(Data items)
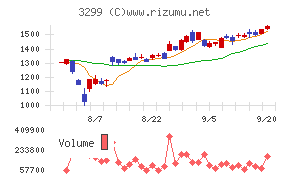 ムゲンエステート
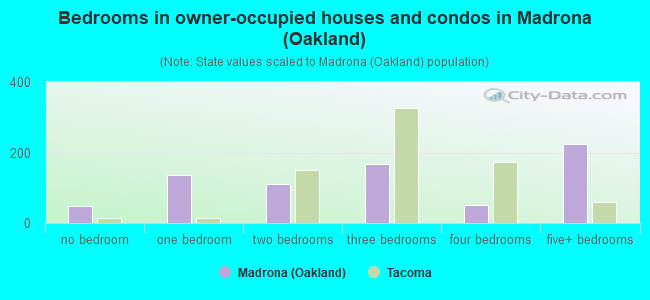 Bedrooms in owner-occupied houses and condos in Madrona (Oakland)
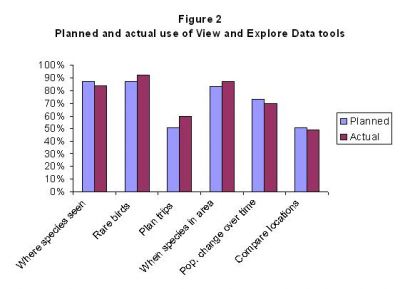 Fig 2: Planned and actual use of View and Explore Data tools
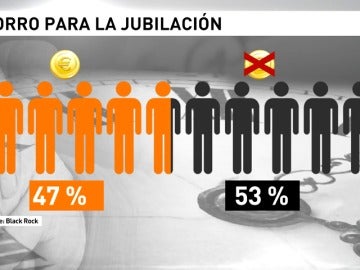 Los españoles destinan 7 de cada 100 euros a su jubilación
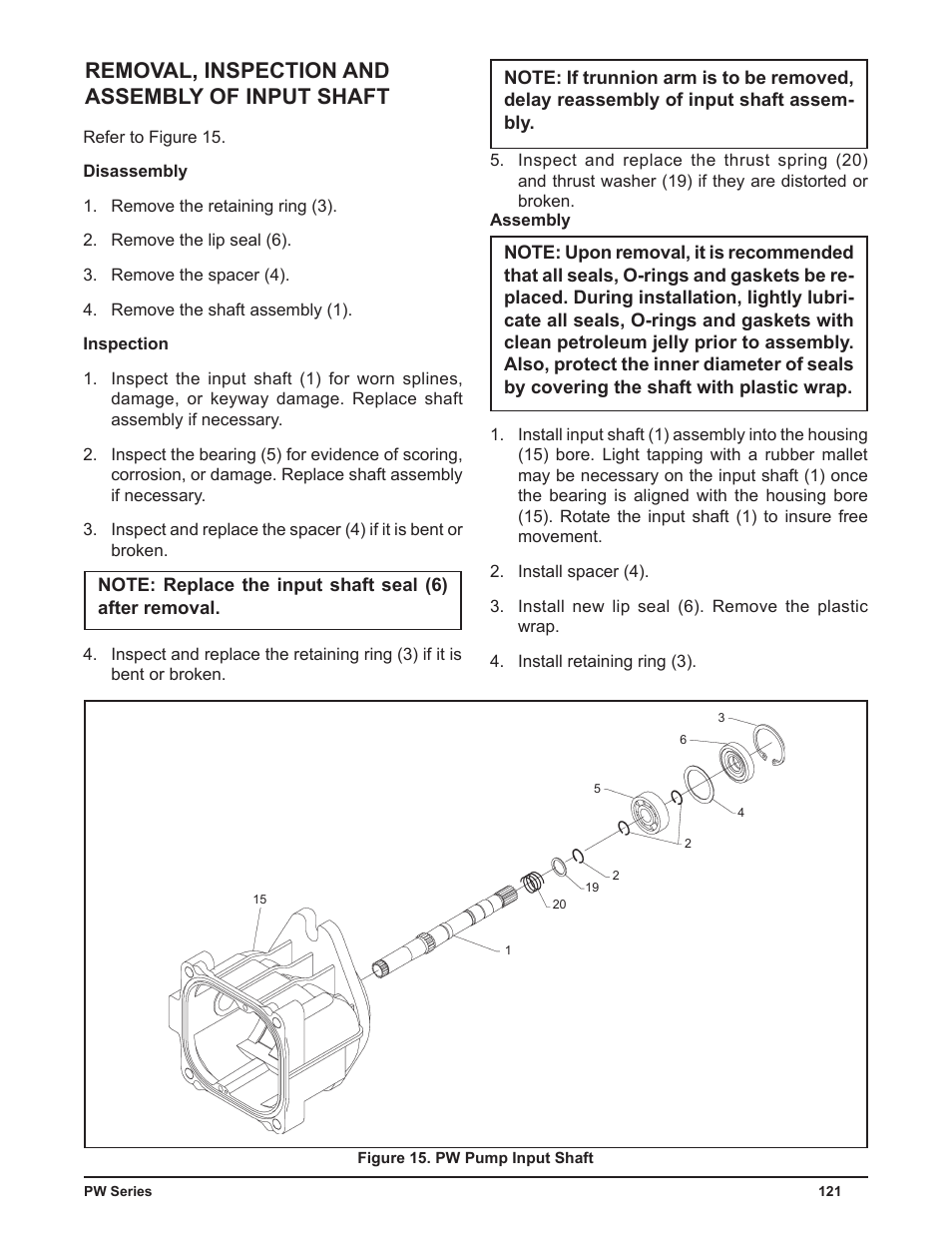 Removal, inspection and assembly of input shaft | Cub Cadet P Series User Manual | Page 126 / 136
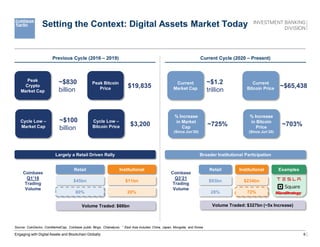 6
Setting the Context: Digital Assets Market Today
Previous Cycle (2016 – 2019) Current Cycle (2020 – Present)
Source: CoinGecko, CoinMarketCap, Coinbase public filings, Chainalysis; 1 East Asia includes China, Japan, Mongolia, and Korea.
Peak
Crypto
Market Cap
~$830
billion
Peak Bitcoin
Price $19,835
Largely a Retail Driven Rally
Coinbase
Q1’18
Trading
Volume
Retail Institutional
$45bn $11bn
80% 20%
Broader Institutional Participation
Coinbase
Q3’21
Trading
Volume
Retail Institutional
$93bn $234bn
28% 72%
Examples
Cycle Low –
Market Cap
~$100
billion
Cycle Low –
Bitcoin Price $3,200
Volume Traded: $66bn Volume Traded: $327bn (~5x Increase)
Current
Market Cap
~$1.2
trillion
Current
Bitcoin Price ~$65,438
% Increase
in Market
Cap
(Since Jun’20)
~725%
% Increase
in Bitcoin
Price
(Since Jun’20)
~703%
Engaging with Digital Assets and Blockchain Globally
 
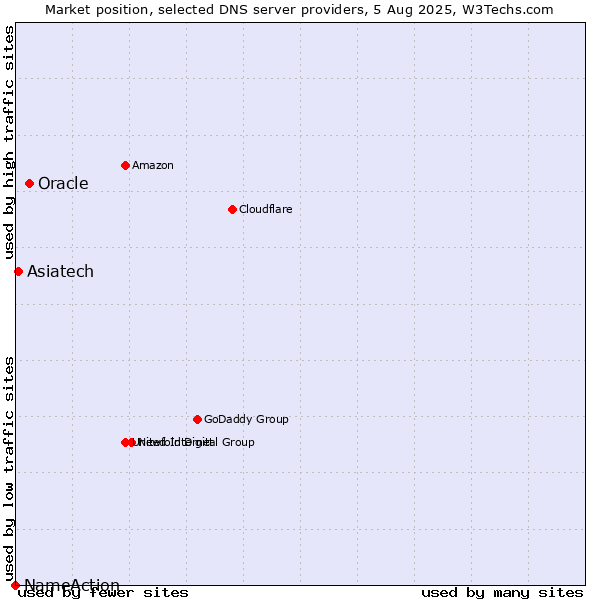 Market position of Oracle vs. Asiatech vs. NameAction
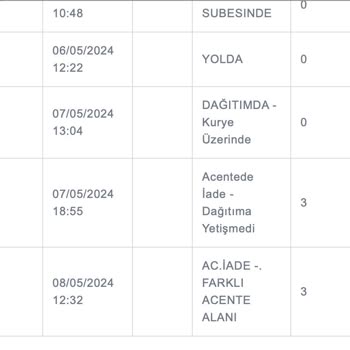 Aras Kargo Bana Ulaşmadan Kargomu İade Etti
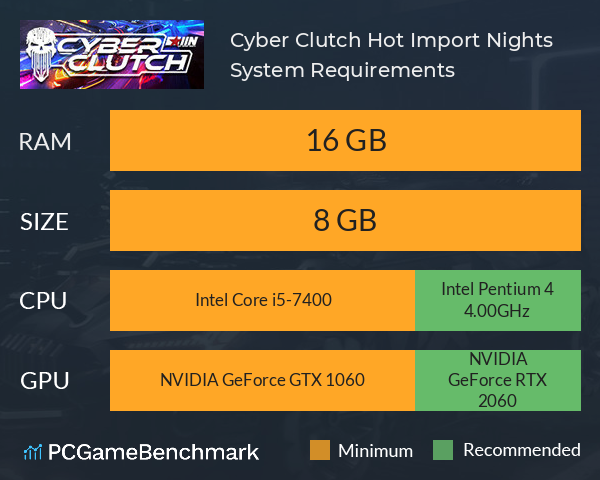 Cyber Clutch: Hot Import Nights System Requirements PC Graph - Can I Run Cyber Clutch: Hot Import Nights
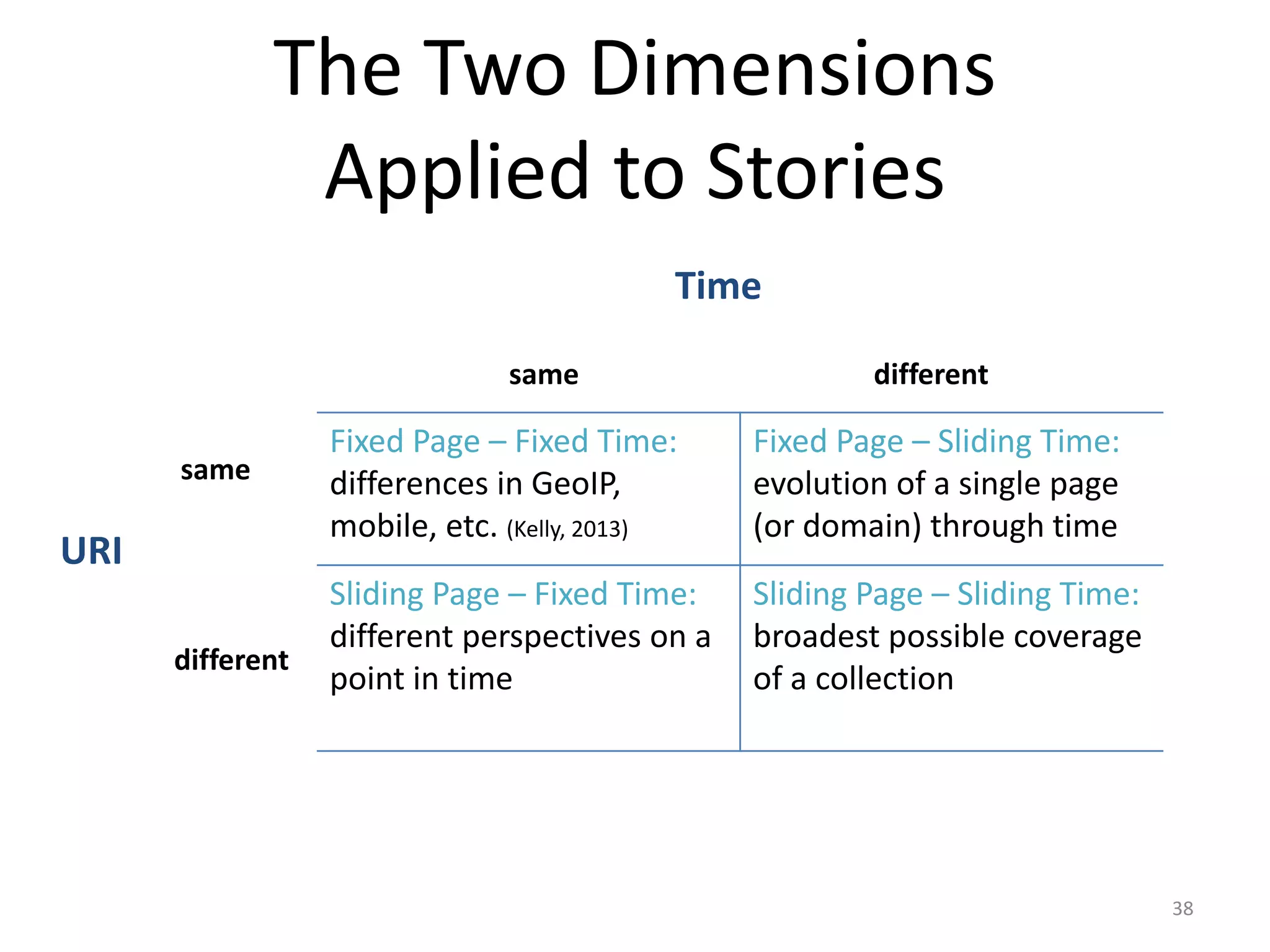 The Two Dimensions
Applied to Stories
Fixed Page – Fixed Time:
differences in GeoIP,
mobile, etc. (Kelly, 2013)
Fixed Page – Sliding Time:
evolution of a single page
(or domain) through time
Sliding Page – Fixed Time:
different perspectives on a
point in time
Sliding Page – Sliding Time:
broadest possible coverage
of a collection
38
same
Time
different
URI
same
different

#### Task to carry out
Every record must be returned exactly. Leave its pictures out.

#### Finished task
 ムゲンエステート
 Bedrooms in owner-occupied houses and condos in Madrona (Oakland)
 Fig 2: Planned and actual use of View and Explore Data tools
 Los españoles destinan 7 de cada 100 euros a su jubilación
 Removal, inspection and assembly of input shaft | Cub Cadet P Series User Manual | Page 126 / 136
 6
Setting the Context: Digital Assets Market Today
Previous Cycle (2016 – 2019) Current Cycle (2020 – Present)
Source: CoinGecko, CoinMarketCap, Coinbase public filings, Chainalysis; 1 East Asia includes China, Japan, Mongolia, and Korea.
Peak
Crypto
Market Cap
~$830
billion
Peak Bitcoin
Price $19,835
Largely a Retail Driven Rally
Coinbase
Q1’18
Trading
Volume
Retail Institutional
$45bn $11bn
80% 20%
Broader Institutional Participation
Coinbase
Q3’21
Trading
Volume
Retail Institutional
$93bn $234bn
28% 72%
Examples
Cycle Low –
Market Cap
~$100
billion
Cycle Low –
Bitcoin Price $3,200
Volume Traded: $66bn Volume Traded: $327bn (~5x Increase)
Current
Market Cap
~$1.2
trillion
Current
Bitcoin Price ~$65,438
% Increase
in Market
Cap
(Since Jun’20)
~725%
% Increase
in Bitcoin
Price
(Since Jun’20)
~703%
Engaging with Digital Assets and Blockchain Globally
 
 Market position of Oracle vs. Asiatech vs. NameAction
 Aras Kargo Bana Ulaşmadan Kargomu İade Etti
 Cyber Clutch: Hot Import Nights System Requirements PC Graph - Can I Run Cyber Clutch: Hot Import Nights
 The Two Dimensions
Applied to Stories
Fixed Page – Fixed Time:
differences in GeoIP,
mobile, etc. (Kelly, 2013)
Fixed Page – Sliding Time:
evolution of a single page
(or domain) through time
Sliding Page – Fixed Time:
different perspectives on a
point in time
Sliding Page – Sliding Time:
broadest possible coverage
of a collection
38
same
Time
different
URI
same
different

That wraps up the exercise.